***** INPUT MATERIAL *****

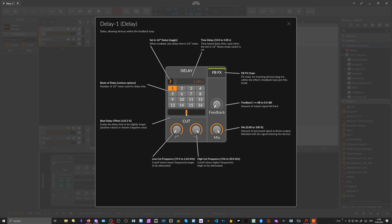Below that we have normal high-pass and low-pass controls to filter out audio content if you want. There's also a mix knob where you can blend the dry signal with the delayed or offset signal. Then we have a feedback control so you can create, instead of just a single delay, something more like an echo with multiple delay taps ringing out over time.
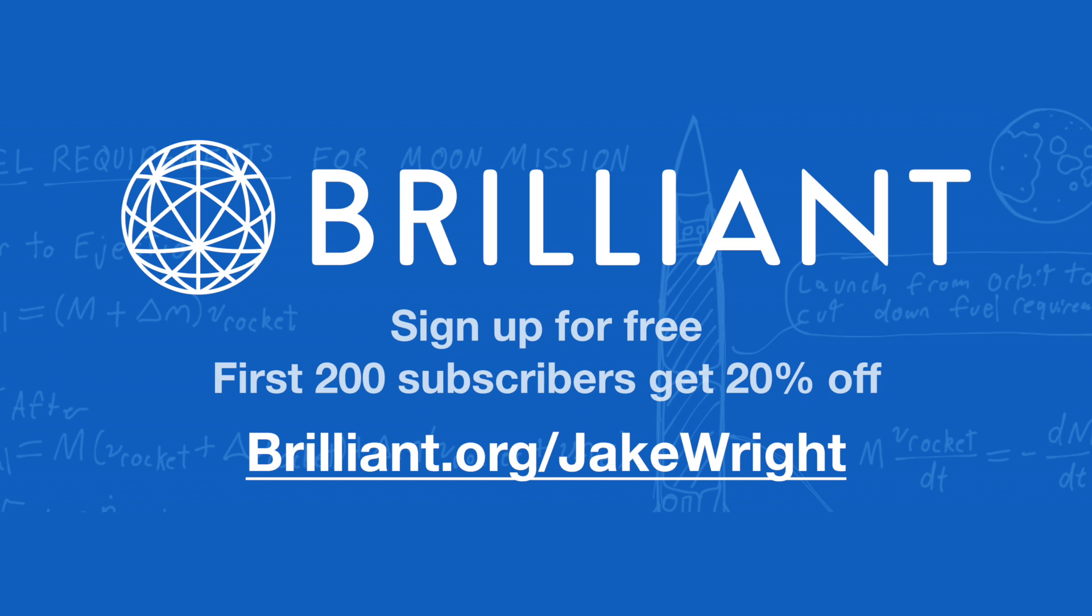If this sounds interesting go to brilliant.org slash jakewright, the link is in the description. You can sign up for free but the first 200 people who go to that link will get 20% off the annual premium subscription. If you found this video useful click the like button, hit subscribe if you want to see more tutorials like this one and I'll see you next time. Thanks for watching.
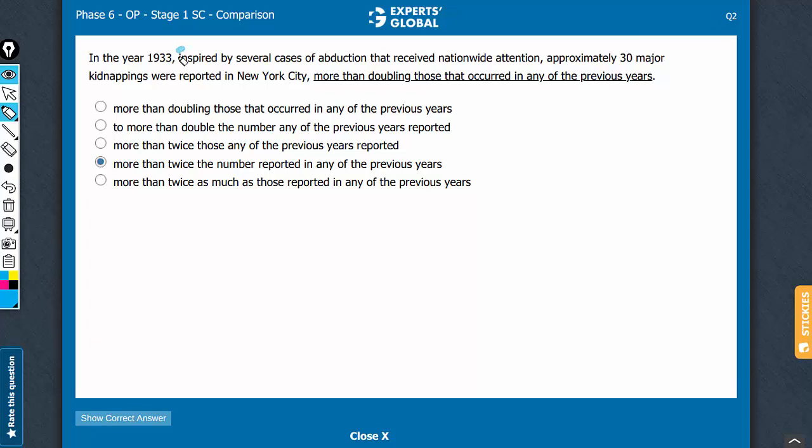The stuff between the two commas here is extra information, and the main meaning of the sentence is that in the year 1933, approximately 30 major kidnappings were reported in New York City, more than doubling.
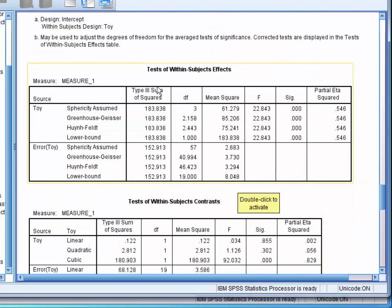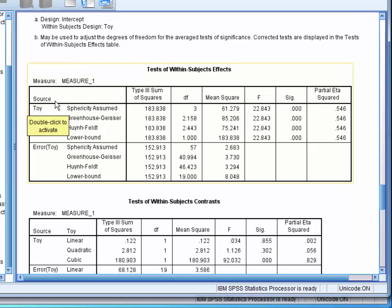Next we have the tests within subjects effects. This presents the main ANOVA results. As the assumption of sphericity was not violated, we read the results from the sphericity assumed row, and here we can see that our independent variable, type of toy, is significantly related to children's ratings.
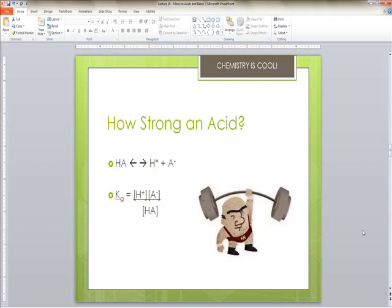Strong acids and bases are strong electrolytes, which means they dissociate completely apart in solution. Weak acids and bases don't completely ionize, while strong acids and bases form many ions when dissolved. For example, magnesium hydroxide is a strong base — it falls completely apart when dissolved. When measuring strength, remember that ionization is reversible and it creates an equilibrium.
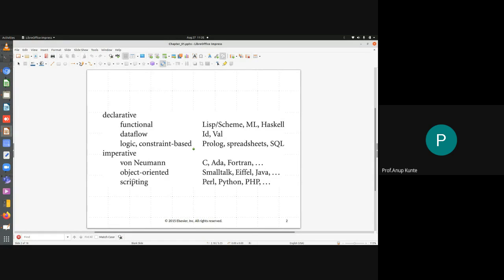In object-oriented programming, the entire program revolves around classes, which store data and have functions to manipulate that data. The third imperative category is scripting, which is a more relaxed variant of how we write programs in C. In C, to write a function, you must follow many syntactical details: specifying the return type, the function name, parentheses with all parameters preceded by their data types, and curly braces enclosing the function body. All these details are required when writing a C function definition.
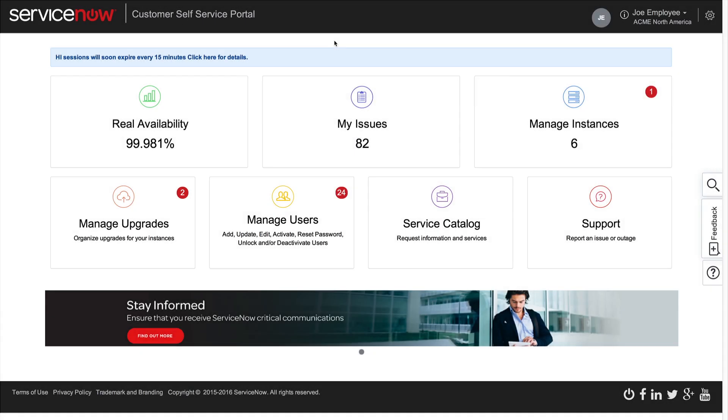In this video, we'll show the Customer Self Service Portal. Your options may vary depending on your account roles. Please check with your ServiceNow administrator if you're unable to access a feature.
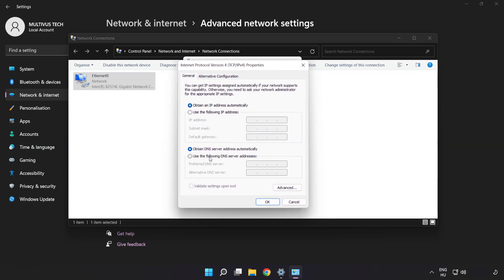Click Use the following DNS server addresses. Type 8.8.8.8 in the first field and 8.8.4.4 in the second field.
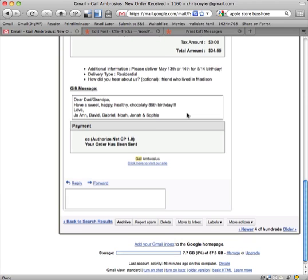And as part of that gift, they can type in during the checkout process a gift message - so happy birthday, grandpa, whatever, right?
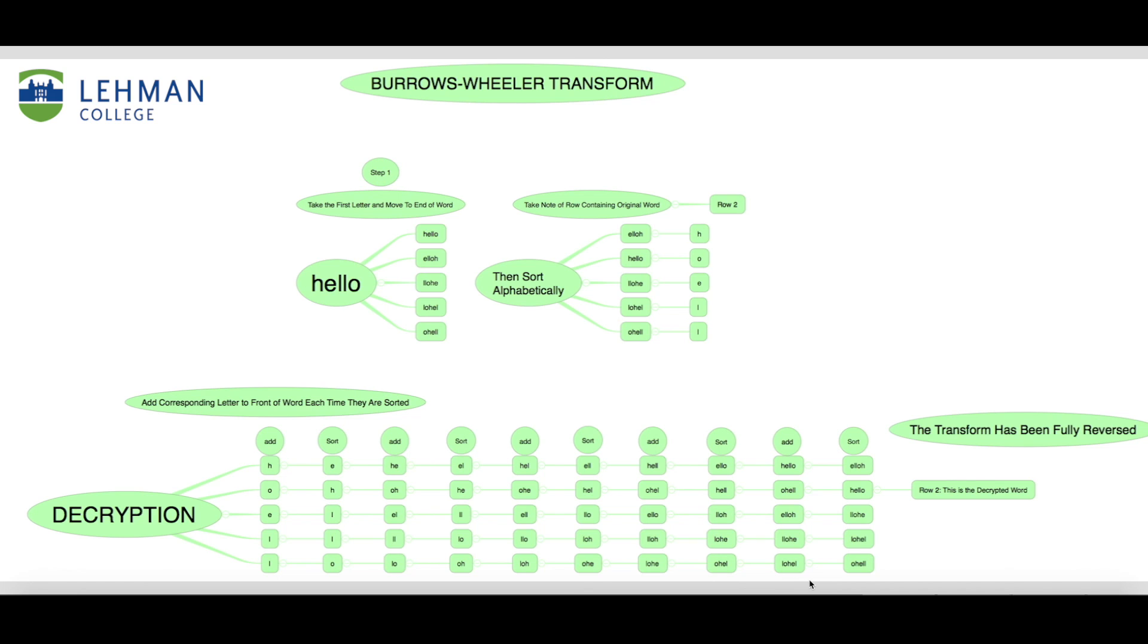Once that is finished, then we can sort it. And those two steps will be repeated for as many characters as there are in the encrypted string.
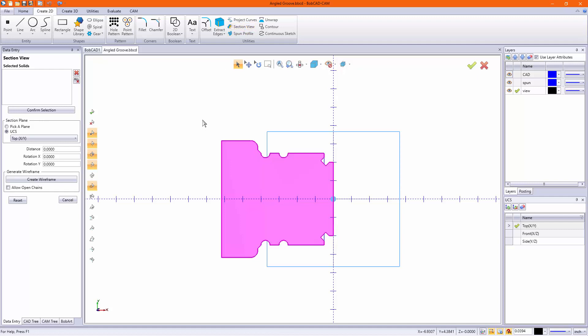When you go into section view, as long as your part is in the correct location, you should see something like this. Everything highlighted pink is what I'm going to get a cross-section of.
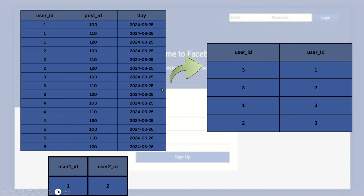Both users have engagement with the same posts where the count is three or more, and on the same day — so user_id_1 should get the recommendation for user_id_3. However, for user_id_4, they engage with posts 100, 110, and 130, so only two posts match with user_id_1 — 120 and 130 are different. So user_id_4 should not be recommended because the rule requires three or more common posts. Similarly, user_id_5 has posts 100, 110, and 120 matching, but the days are different, so user_id_5 will not be recommended.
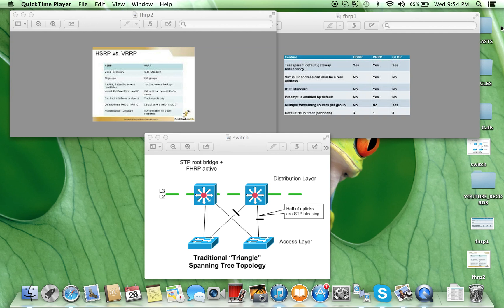In this design, spanning tree is used. The left distribution switch is the root switch, so links from both left and right access switches to the right distribution switch are blocked, while uplinks from left and right access switches to the left distribution switch are in forwarding state.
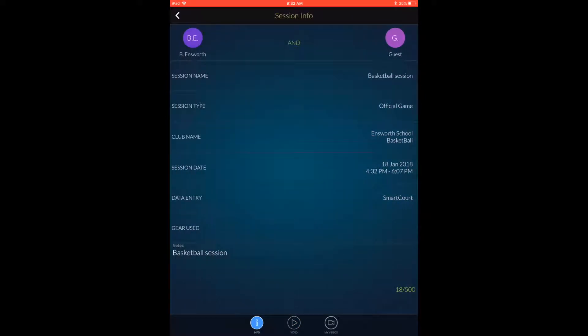This is Jeff from PlaySite, and in this video we're going to show you how easy it is to review your video from any of your Smart Court sessions. We're going to look at basketball from the Ennsworth School, a PlaySite client located in Nashville, Tennessee.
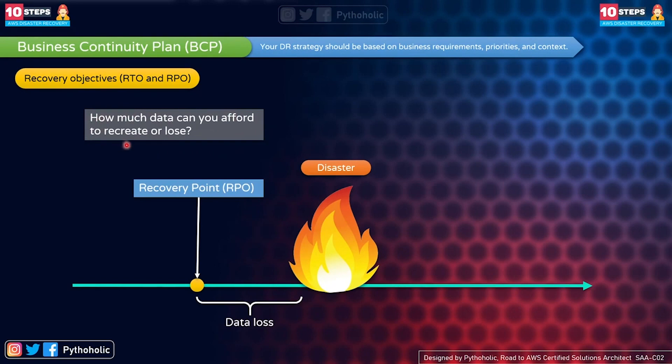As an organization, we define what is considered an acceptable loss of data between the last recovery point and the interruption of service. That is why it's called a Recovery Point Objective — we have to define this objective.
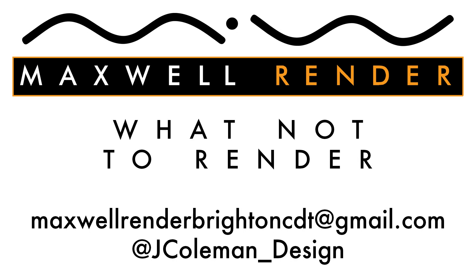If you'd like to come down and have some hands-on training with Maxwell Render at the University of Brighton Centre for Design Technology, send me an email at maxwellrenderbrightoncdt at gmail.com or tweet me at jcoleman underscore design. Thanks very much. I'll see you again soon.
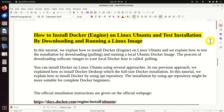Hello everyone. In this tutorial we explain how to install Docker Engine on Linux Ubuntu, and we explain how to test the installation by downloading — or by pulling and running — a local Ubuntu Docker image.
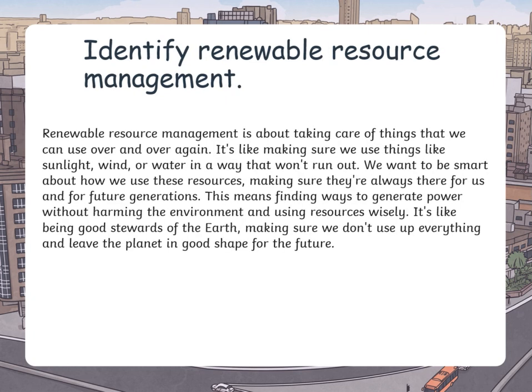Then we are going to move to identify renewable resource management. Renewable resource management is about making and taking care of things that we can use over and over again. It's like making sure we use things like sunlight, wind or water in a way that won't run out. We want to be smart about how we use these resources, making sure they are always there for us and for future generations. This means finding ways to generate power without harming the environment and using resources wisely. It's like being a good steward of the earth, making sure we don't use up everything and leave the planet in good shape for the future.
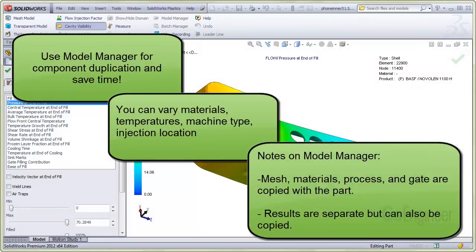Here are some notes for the Model Manager. The mesh, materials, process, and gate information are stored with the part geometry, so a duplicated component will include that information. There is an option to copy the results. The results are in a separate folder with the same name as the component at the component level.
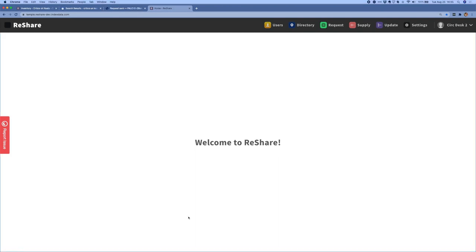That wraps up this video demo. Thanks for watching and for your interest in the ReShare project. For more information, please email us at info@projectreshare.org.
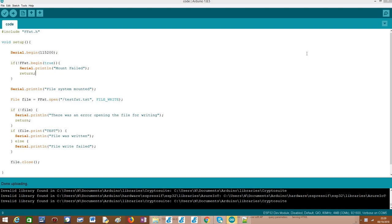So this is the continuation of the previous video tutorial where we checked how we could start using the FAT file system and the changes that were needed in some configuration files in order for everything to work. So if you haven't done it yet, please take a look at that video and check the changes that you need to do in the ESP32 partitions in order to be able to use the FAT file system.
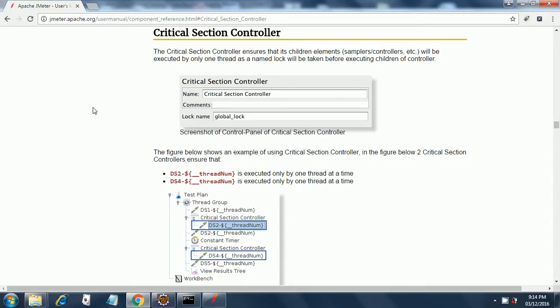Next we are going to look into what critical section controller is. Let's look at the official definition of critical section controller.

*****

[WHAT YOU NEED TO DO] Only one stretch of the listing is wanted: the lines starting at the one with "When you go" and ending at the one with "In this design, spanning", copied exactly and free of pictures.

[ANSWER AREA]
When you go into section view, as long as your part is in the correct location, you should see something like this. Everything highlighted pink is what I'm going to get a cross-section of.
Both users have engagement with the same posts where the count is three or more, and on the same day — so user_id_1 should get the recommendation for user_id_3. However, for user_id_4, they engage with posts 100, 110, and 130, so only two posts match with user_id_1 — 120 and 130 are different. So user_id_4 should not be recommended because the rule requires three or more common posts. Similarly, user_id_5 has posts 100, 110, and 120 matching, but the days are different, so user_id_5 will not be recommended.
In this design, spanning tree is used. The left distribution switch is the root switch, so links from both left and right access switches to the right distribution switch are blocked, while uplinks from left and right access switches to the left distribution switch are in forwarding state.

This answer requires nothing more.